Image-text web data

■ ■ ■

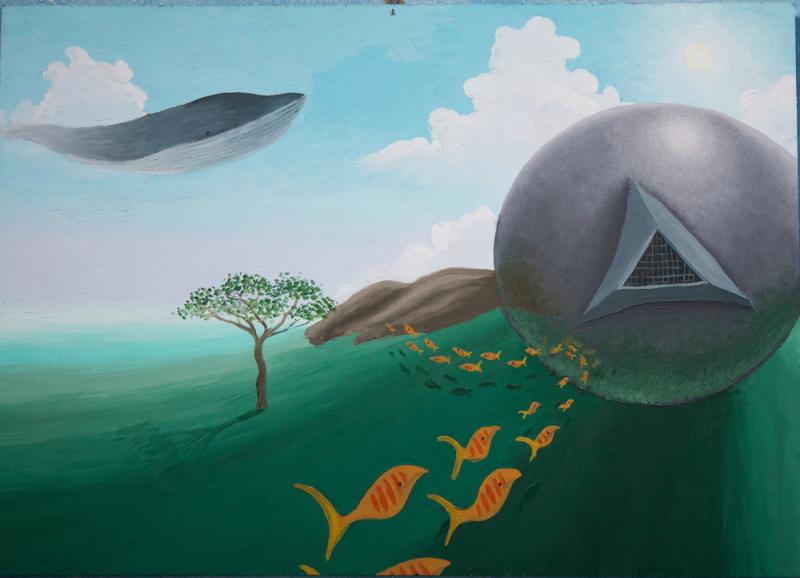 "Surreal fish"
Tecnica: Olio su tavola
Surrealismo, inconscio. Nemmeno io so cosa significa, mi sono lasciato trasportare.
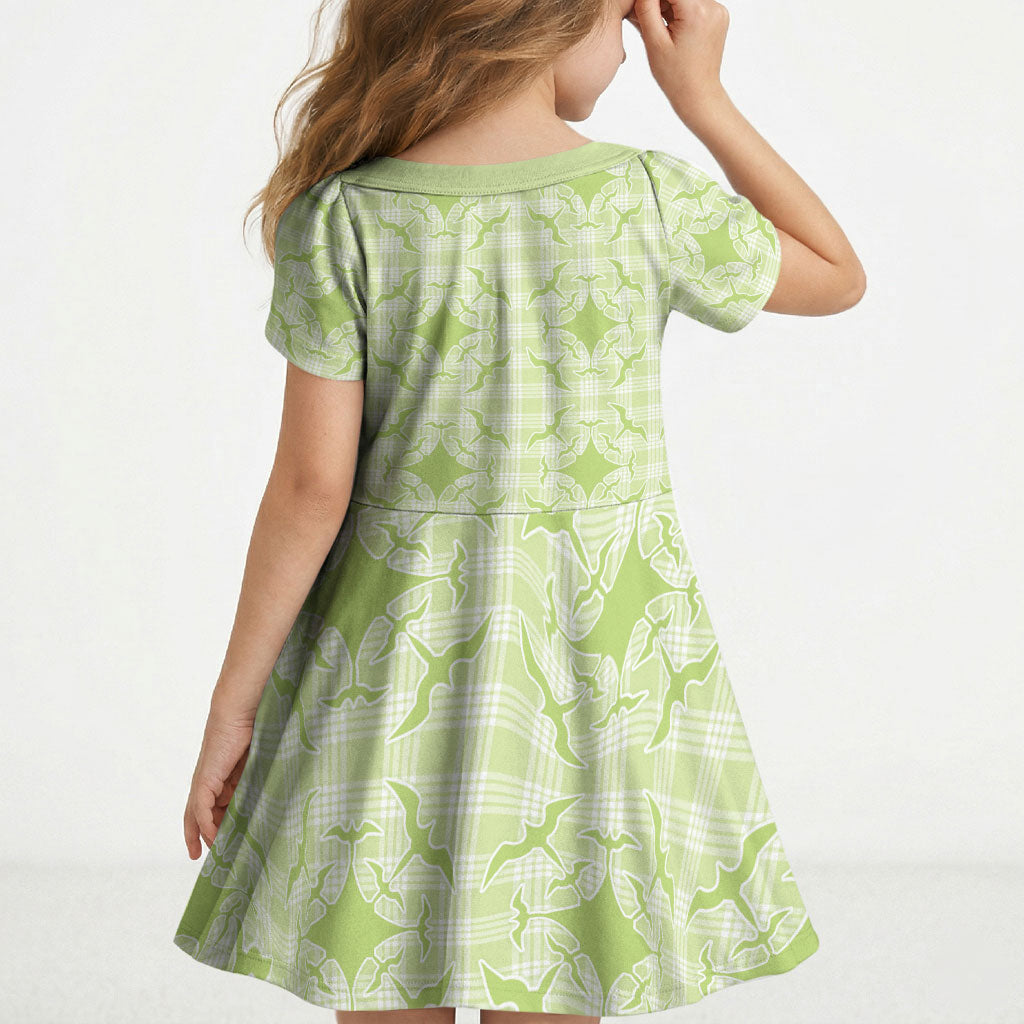 Omaomao Hawaii Iwa Bird Palaka Motifs Kid Short Sleeve Dress LT14 - Polynesian Pride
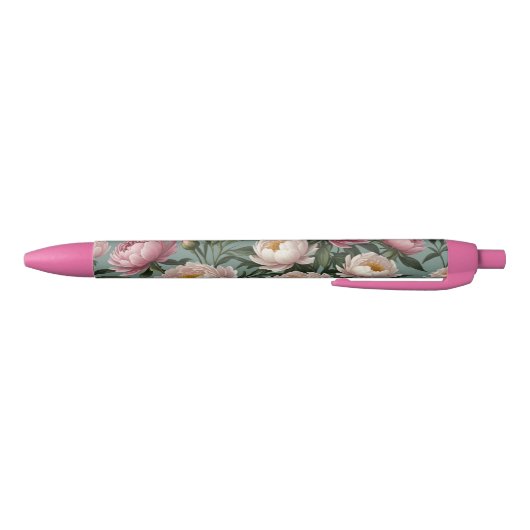 Roze en witte pioenrozen bloemen zwarte inkt pen (Bodem)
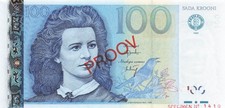 Estonia  100  Krooni  1999 P 82s  Series BX  Specimen Uncirculated Banknote HJ S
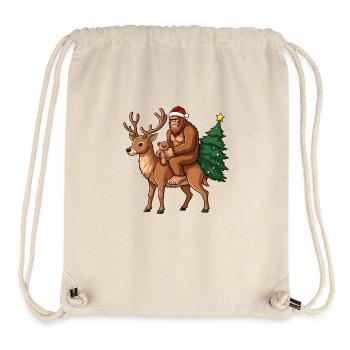 Teddy Santa Bigfoot reitet einen Hirsch Weihnachten - Stanley/Stella recycelter Gym Bag - Naturweiß - Vorne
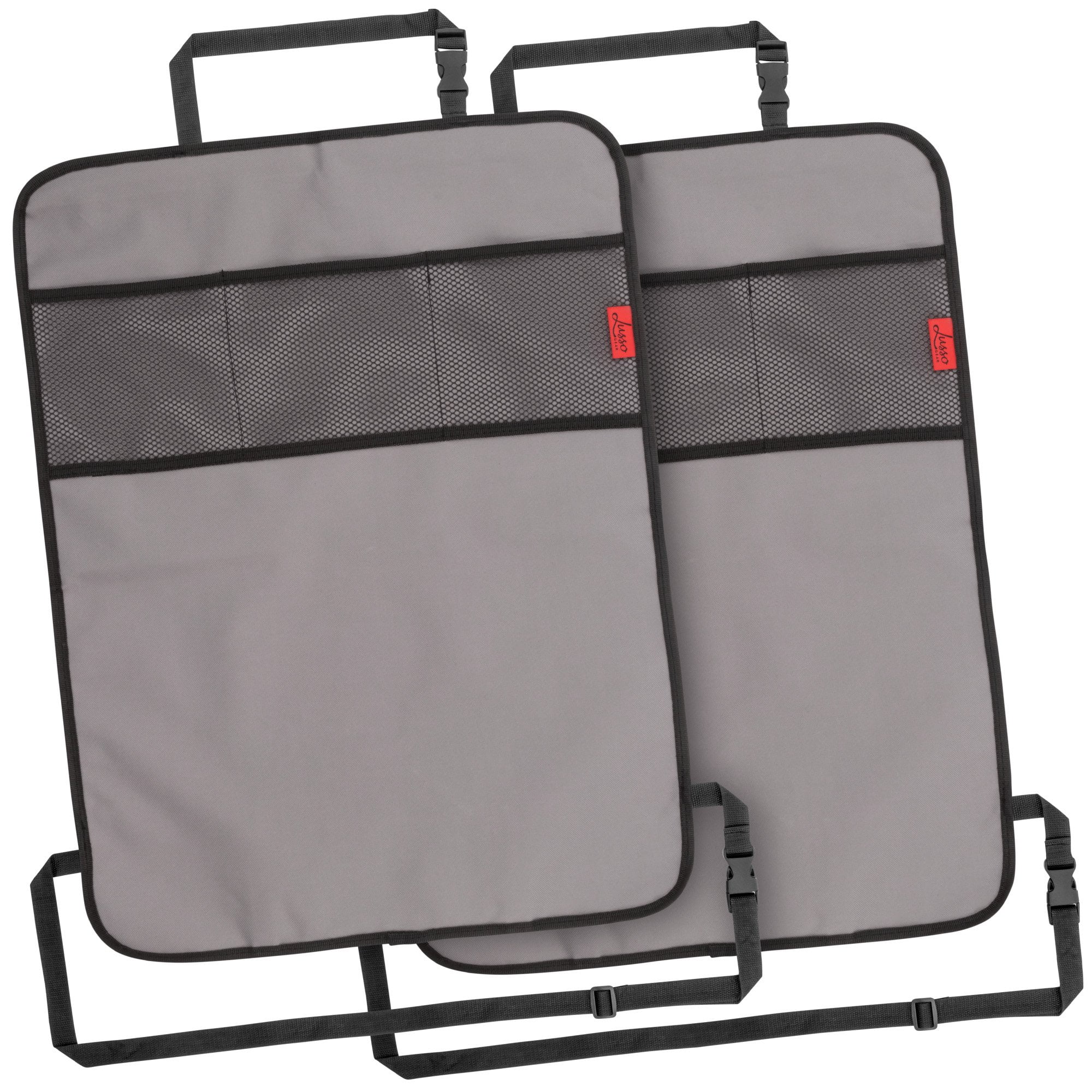 Lusso Gear | Seat Back Protectors for Car | Waterproof Kick Mats with 3 Storage Pockets | 2 Pack, Gray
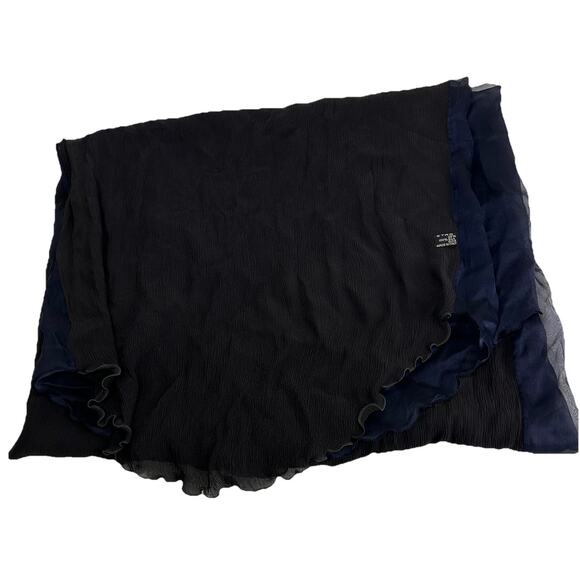 etro Italy 100% silk solid blue black crinkle Ruffle Hem scarf - Picture 16 of 16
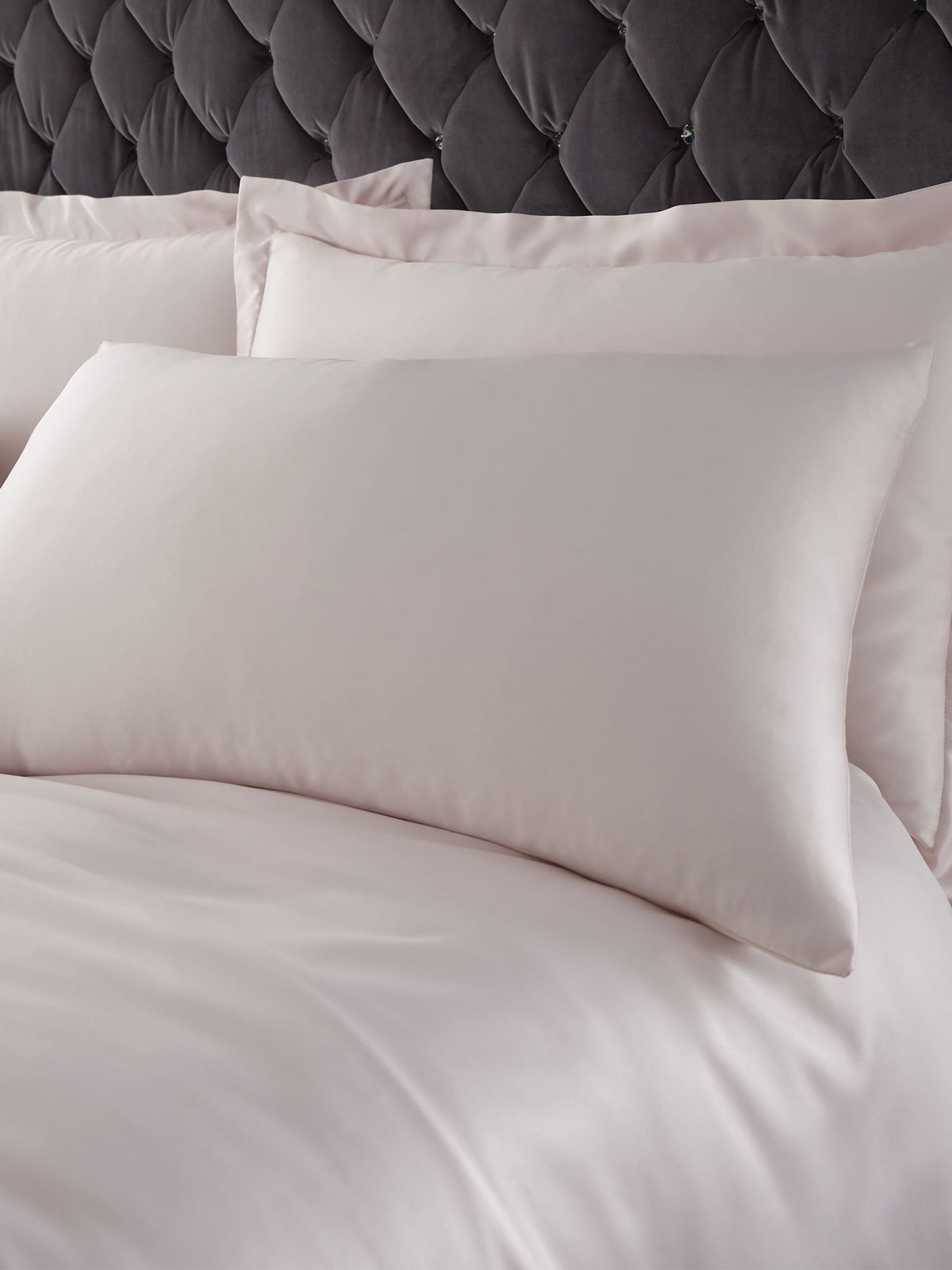Catherine Lansfield blush satin pillowcase pack of 2 - British product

■ ■ ■

### Required action
Up to and including the line with "Banknote HJ S", repeat every line from the top of the entries exactly, but not the pictures.

### Reply to the exercise
 "Surreal fish"
Tecnica: Olio su tavola
Surrealismo, inconscio. Nemmeno io so cosa significa, mi sono lasciato trasportare.
 Omaomao Hawaii Iwa Bird Palaka Motifs Kid Short Sleeve Dress LT14 - Polynesian Pride
 Roze en witte pioenrozen bloemen zwarte inkt pen (Bodem)
 Estonia  100  Krooni  1999 P 82s  Series BX  Specimen Uncirculated Banknote HJ S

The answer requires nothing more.